Au soir de la même date, la Primature n’a pas tardé de réagir à travers une lettre adressée au ministre de la Justice, annonçant la suspension du marché suite aux irrégularités qu’il comporte. Une semaine après, soit mercredi 21 mai 2025, le procureur général près la cour de cassation, Firmin Mvonde, se saisit du dossier, et sollicite à l’Assemblée nationale l’autorisation d’amorcer une instruction à l’encontre du ministre de la Justice. Le 29 mai 2025, l’Assemblée nationale autorise l’ouverture de l’instruction à son encontre à travers un vote majoritaire et analyse de la commission de l’Assemblée nationale.

Après autorisation de l’Assemblée nationale, Constant Mutamba va-t-il démissionner de son poste ministériel ?
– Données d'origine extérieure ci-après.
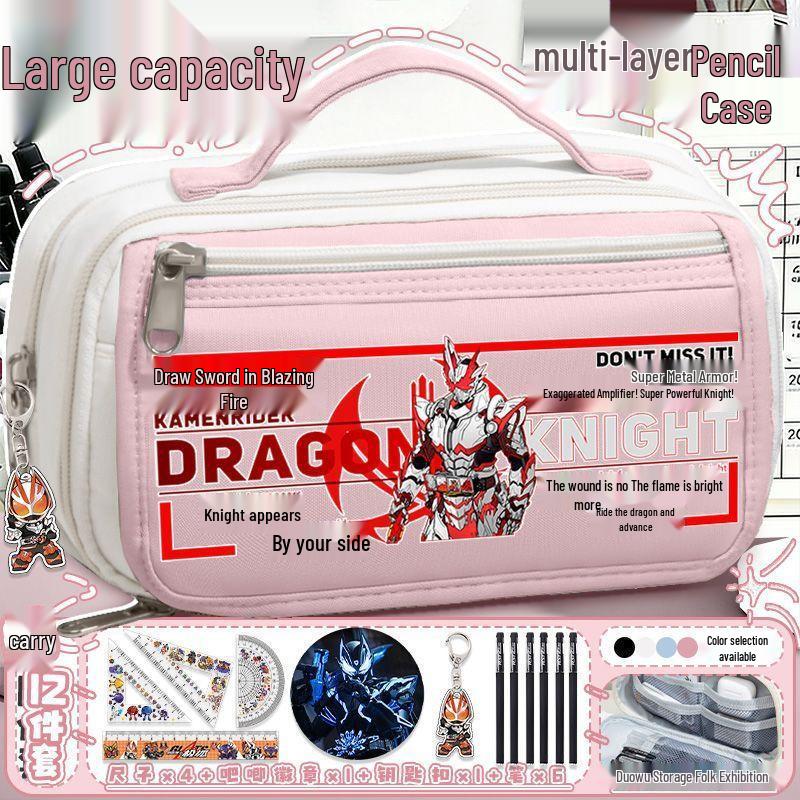 Kamen Rider Multi-layered Large Capacity Pencil Case for Boys - Portable, Versatile Storage for Elementary and Junior High Students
Selon Maître Félicien Ilunga Kazadi, avocat au barreau de Kinshasa/Gombe, l’autorisation de l’instruction accordée par l’Assemblée nationale, 29 mai dernier, permet au procureur général près la Cour de Cassation d’instruire uniquement le dossier sans démission préalable du Ministre. C’est après réunification de tous les éléments de faits, que le procureur va ressaisir l’Assemblée Nationale pour re-solliciter une autorisation de mise en accusation.

Dans le cas où la mise en accusation est votée, le Ministre sera réputé démissionnaire, conformément à l’article 166, alinéa 2 de la Constitution en vigueur. Maître Félicien Ilunga Kazadi salue, par ailleurs, la procédure, estimant qu’elle est juridiquement conforme au droit.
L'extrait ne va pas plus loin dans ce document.